_Information provided_
+===+
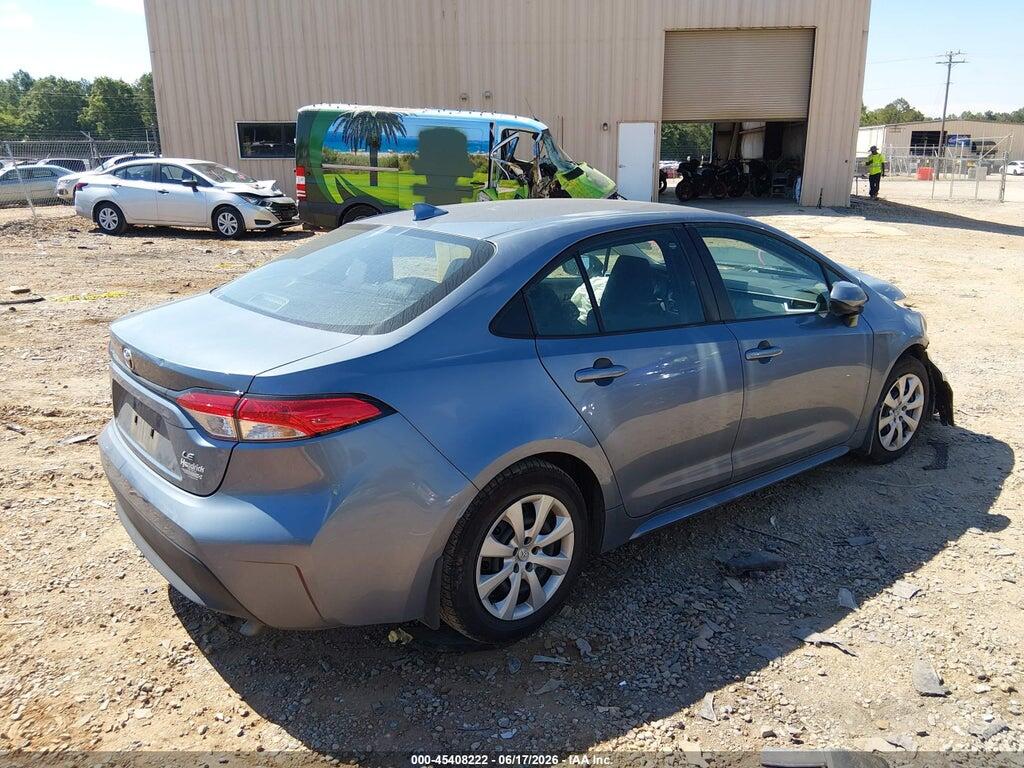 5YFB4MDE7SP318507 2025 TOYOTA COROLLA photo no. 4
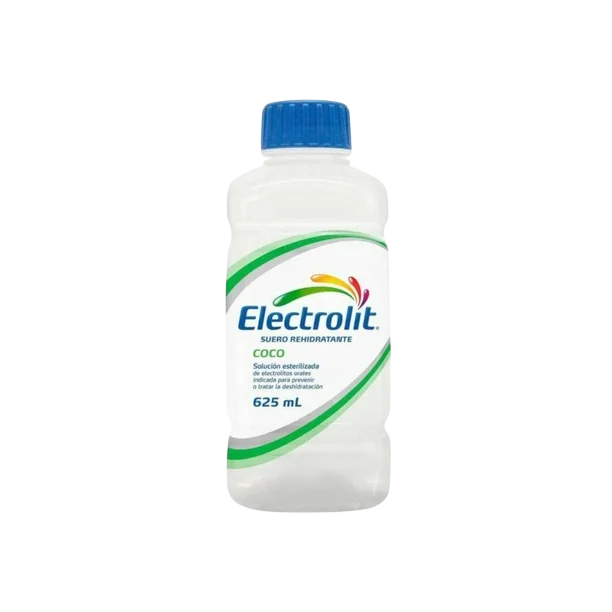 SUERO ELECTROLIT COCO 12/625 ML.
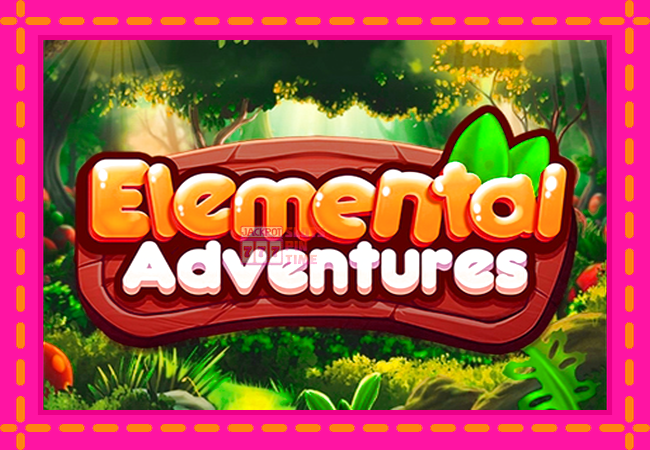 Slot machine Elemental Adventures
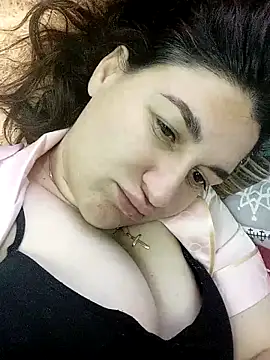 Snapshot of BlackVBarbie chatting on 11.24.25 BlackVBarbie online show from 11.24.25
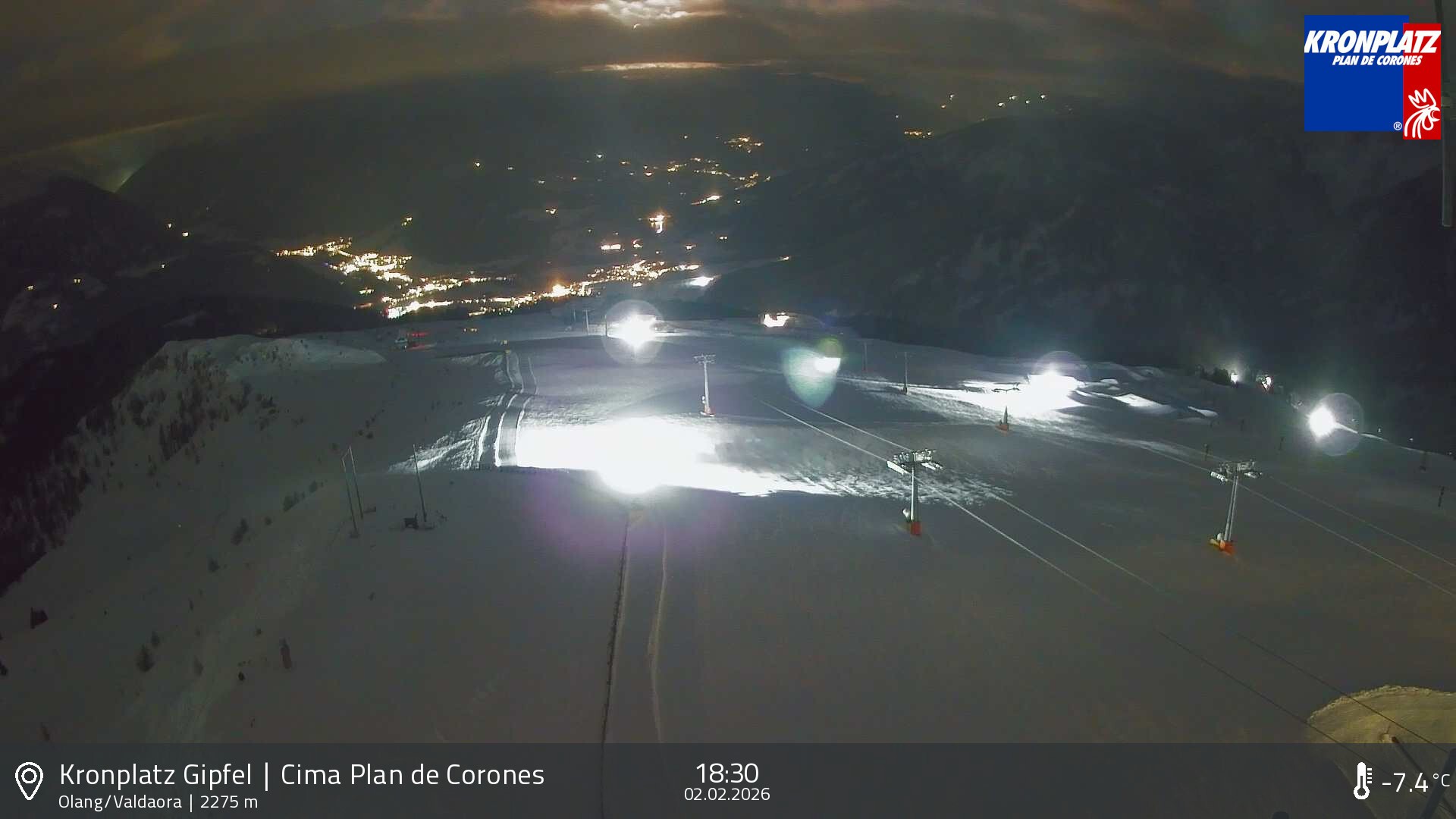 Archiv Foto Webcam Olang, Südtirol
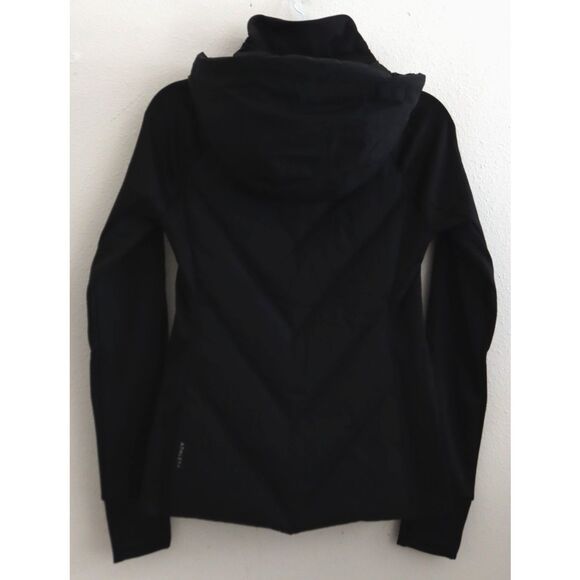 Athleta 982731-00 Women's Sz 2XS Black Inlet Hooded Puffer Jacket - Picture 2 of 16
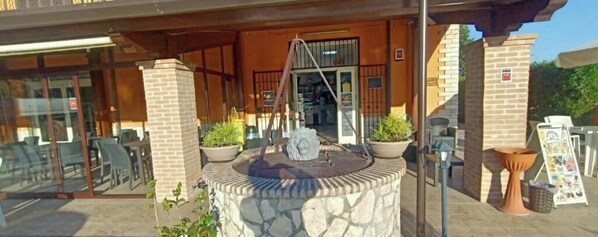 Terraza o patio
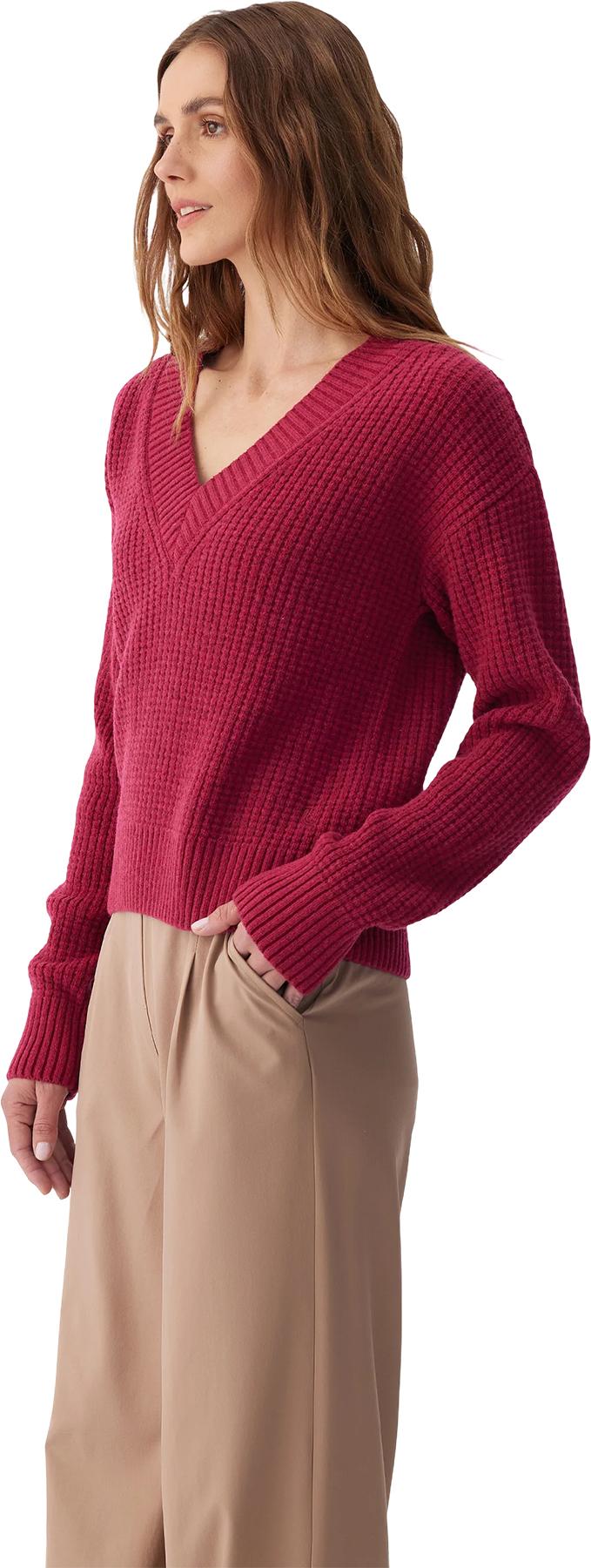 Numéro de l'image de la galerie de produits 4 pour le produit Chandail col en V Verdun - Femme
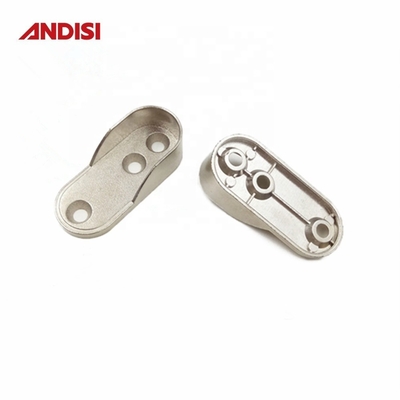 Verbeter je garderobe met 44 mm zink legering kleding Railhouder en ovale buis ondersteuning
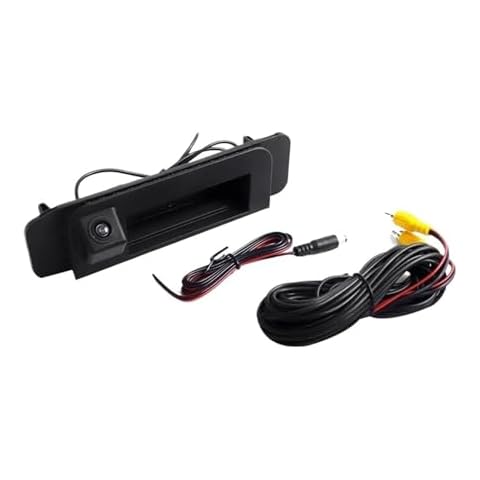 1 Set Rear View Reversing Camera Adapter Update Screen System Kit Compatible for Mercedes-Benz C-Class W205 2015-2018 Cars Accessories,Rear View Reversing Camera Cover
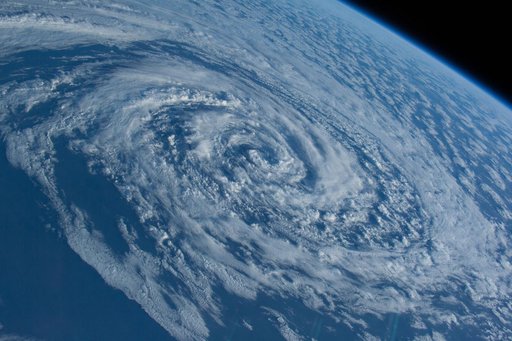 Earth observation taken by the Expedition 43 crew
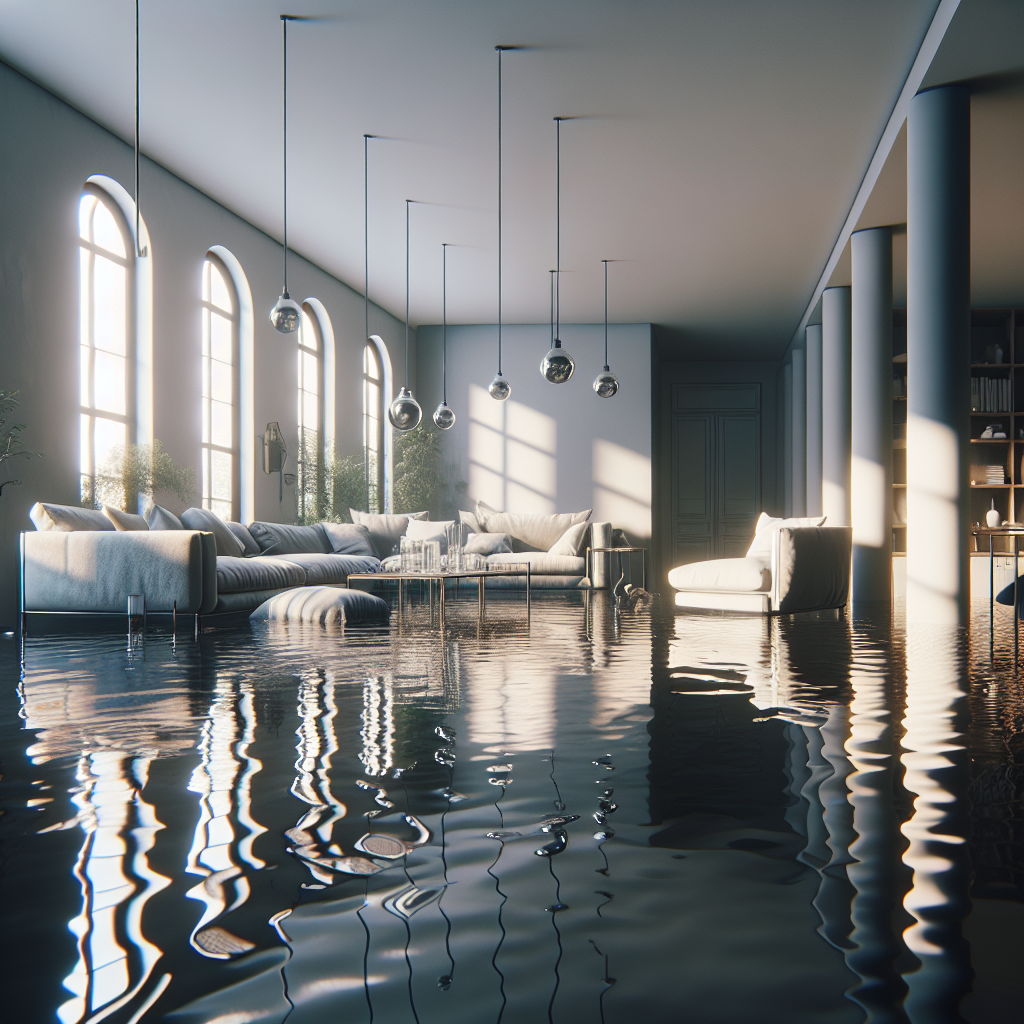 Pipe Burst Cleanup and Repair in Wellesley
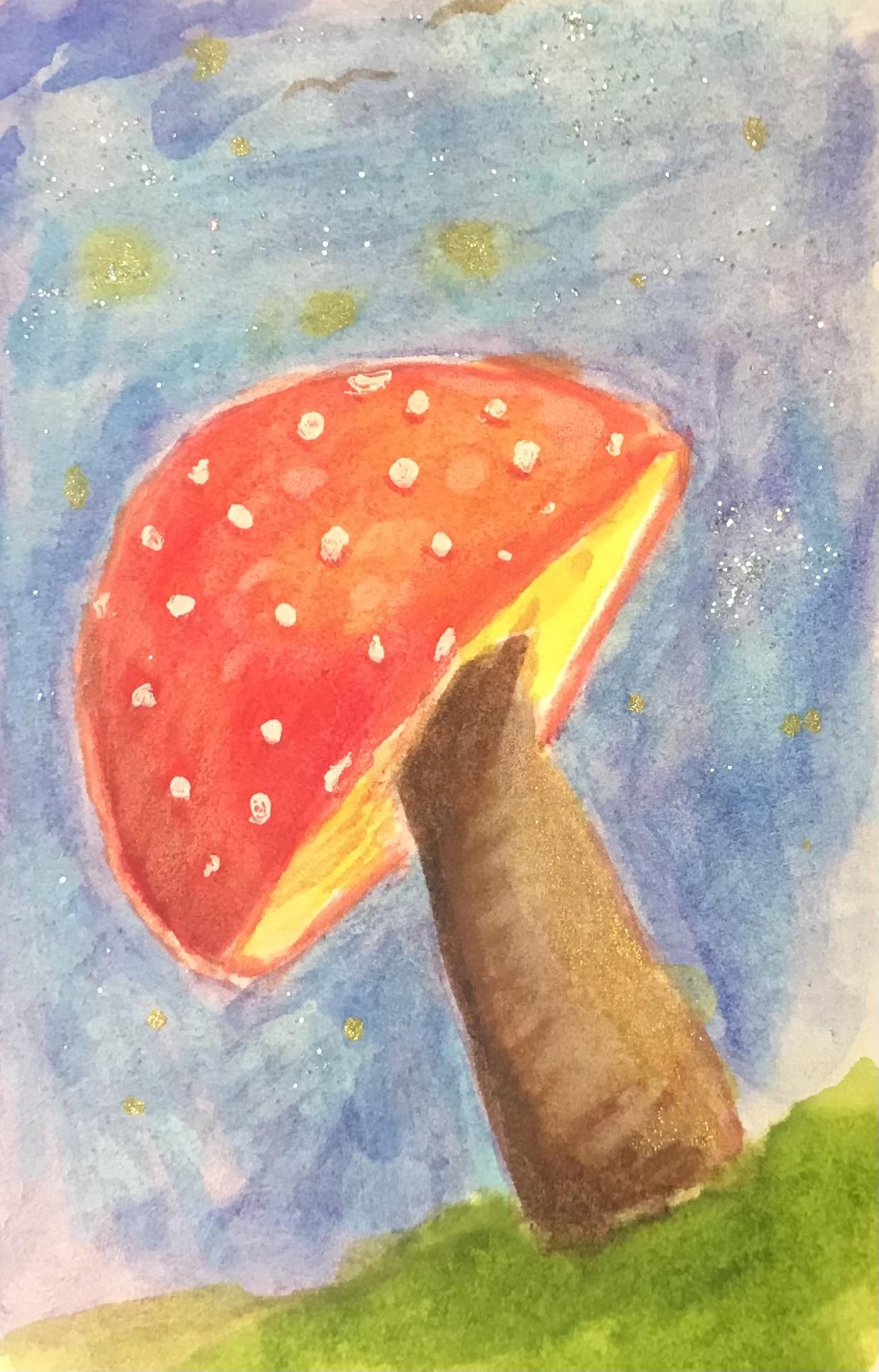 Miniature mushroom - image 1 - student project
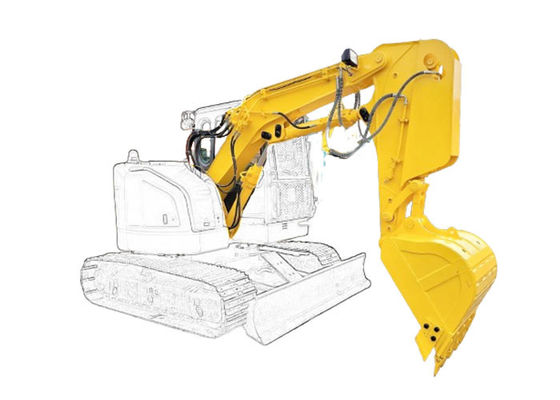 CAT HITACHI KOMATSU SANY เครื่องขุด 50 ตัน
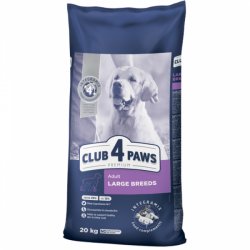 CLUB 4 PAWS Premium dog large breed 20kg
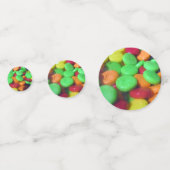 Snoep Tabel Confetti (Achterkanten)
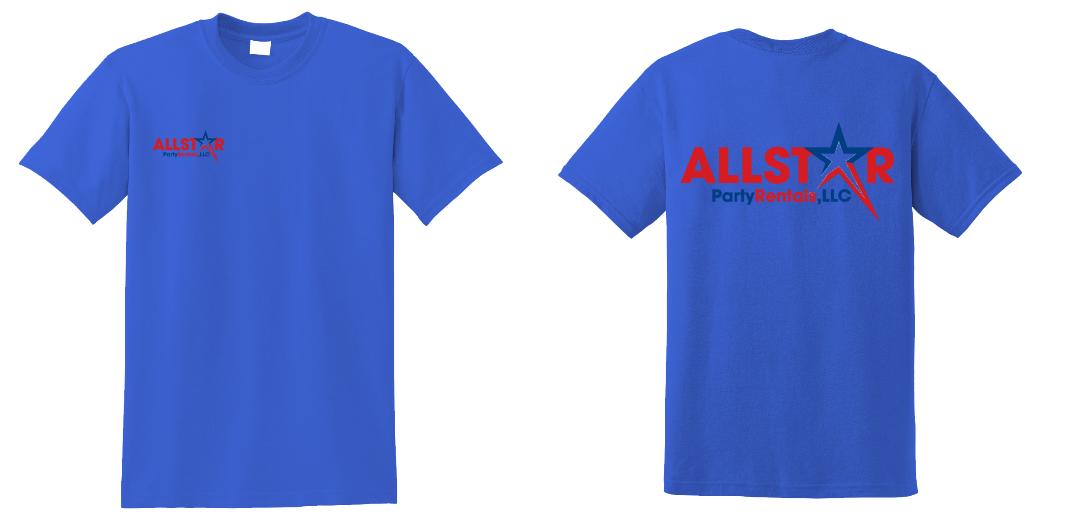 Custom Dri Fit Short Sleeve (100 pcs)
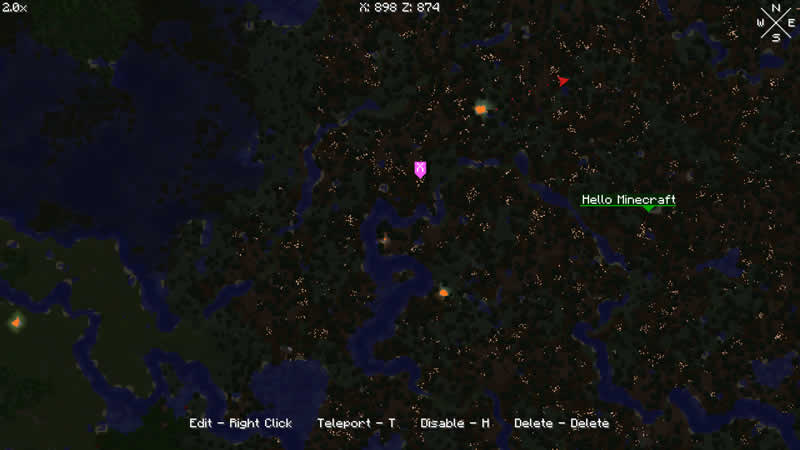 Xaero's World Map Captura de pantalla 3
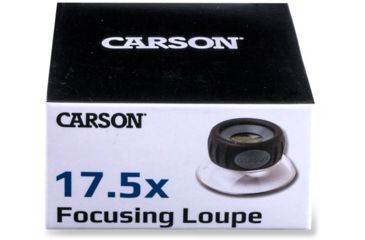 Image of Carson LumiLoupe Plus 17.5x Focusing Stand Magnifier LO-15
+===+
_Task prompt_
The answer must consist solely of the lines from the first line of the data through the line containing "Verbeter je garderobe", inclusive, reproduced exactly and without pictures.

_Written response_
 5YFB4MDE7SP318507 2025 TOYOTA COROLLA photo no. 4
 SUERO ELECTROLIT COCO 12/625 ML.
 Slot machine Elemental Adventures
 Snapshot of BlackVBarbie chatting on 11.24.25 BlackVBarbie online show from 11.24.25
 Archiv Foto Webcam Olang, Südtirol
 Athleta 982731-00 Women's Sz 2XS Black Inlet Hooded Puffer Jacket - Picture 2 of 16
 Terraza o patio
 Numéro de l'image de la galerie de produits 4 pour le produit Chandail col en V Verdun - Femme
 Verbeter je garderobe met 44 mm zink legering kleding Railhouder en ovale buis ondersteuning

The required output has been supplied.